Noah was born to a black mother and a white father 10 years before apartheid ended. (“I was born a crime,” he said on Leno.) When he was little, his mother walked ahead of him and pretended not to know him if she saw the police (“I felt like a bag of weed,”), while his father, he says, walked on the other side of the street, waving to him “like a creepy pedophile.” Noah’s comedy emerges from his layered outsider status: mixed race—not black nor white nor Indian nor “Coloured” (the official apartheid ethnic category made up of the mixed descendants of the Dutch, British, Malay, Indonesian, and native Africans). The title of Noah’s one-man show, The Daywalker, refers to a fib his family employed to explain his light skin to the rest of his Soweto township: he was albino, but an unusual one—an albino who didn’t have to worry about a sunburn.

South Africa’s tangled social, ethnic, and tribal categories are a rich vein of comedic material. As yet, the nation hasn’t produced a breakout global stand-up star, but Noah’s insights into group mentality make him a strong candidate to be the first comic to make the leap. He speaks five languages and moves seamlessly from impersonating a Russian spy-movie villain to a novice Indian mugger to a Coloured fisherman. He parrots township dwellers, Afrikaner yuppies, and inner-city African-American schoolchildren. A favorite bit has him impersonating President Jacob Zuma as the leader slowly trawls through Facebook, trying to find and friend Barack Obama.

Noah’s expanding cast of characters gives him access to a range of audiences that few other comics can match. But he’s not just a serial impressionist—he’s more a cultural chameleon who has learned to mine his surroundings as much for survival and human connection as for comedy. “I grew up in such a mixed family,” he says. To communicate with his grandparents, or his aunts and uncles, “you’d have to change your voice—you had to speak with a certain accent, otherwise people would not understand one word of what you were saying.”

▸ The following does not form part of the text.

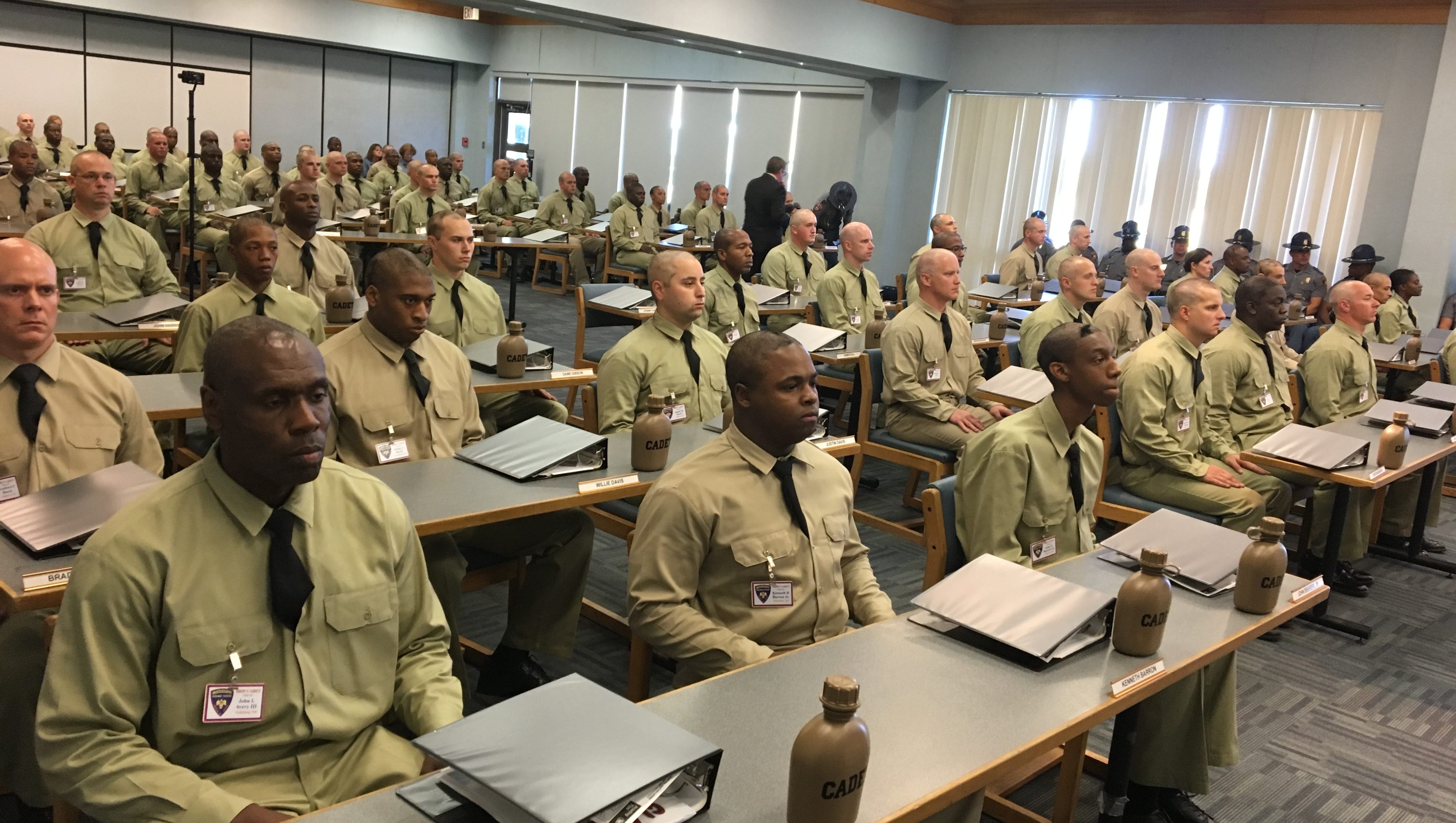 Mhp Kicks Off Trooper School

Indeed, it’s Noah’s fearlessness in tackling the tricky issues of racial identity that makes him so accessible to American viewers. After all, comedy can sometimes seem like the only public space where Americans can speak honestly about their experiences of race and ethnicity—where the likes of Chris Rock, Louis C.K., Dave Chappelle, Wanda Sykes, and Margaret Cho force us to acknowledge biases we may have grown weary of but haven’t resolved. The last section of Noah’s Tonight Show set focused on his fascination, as an African, with African-American speech patterns. Some commentators found the bit hilarious; others found it made them uncomfortable.

Last summer Noah moved to Southern California. “I’ve always wanted to be a comedian in the world,” Noah says. “I don’t want to be labeled a South African comedian.” Yet as another South African comedian, John Vlismas, pointed out, while Noah’s rapid ascent has provoked some resentment among a few of his peers, Noah’s turn on Leno and his attempt to make it in America are “such a big deal for all of us—for South African comedy. In fact, it could even create a new image in American minds about the level of sophistication South Africans have in general.”

In the meantime, Noah has been honing his craft on the road, putting in the miles and gathering new material for a Comedy Central special and a big live show produced by Eddie Izzard. Not surprisingly the realities of race in the U.S. have made a deep impression on him. “We have a very common history,” he says. “I very immediately understand a lot of things happening out here. It’s very similar to back home—there’s still the black club, the white club, the Latino club, the black restaurant.”

Touring with Latino comedian Gabriel Iglesias has also been instructive for Noah. “I’ve performed to people in hunting jackets in the middle of the South that are coming to his shows. He shows me that it doesn’t really matter what you look like or where you come from; funny is funny. You can find your audience regardless of who they are, and who you are.”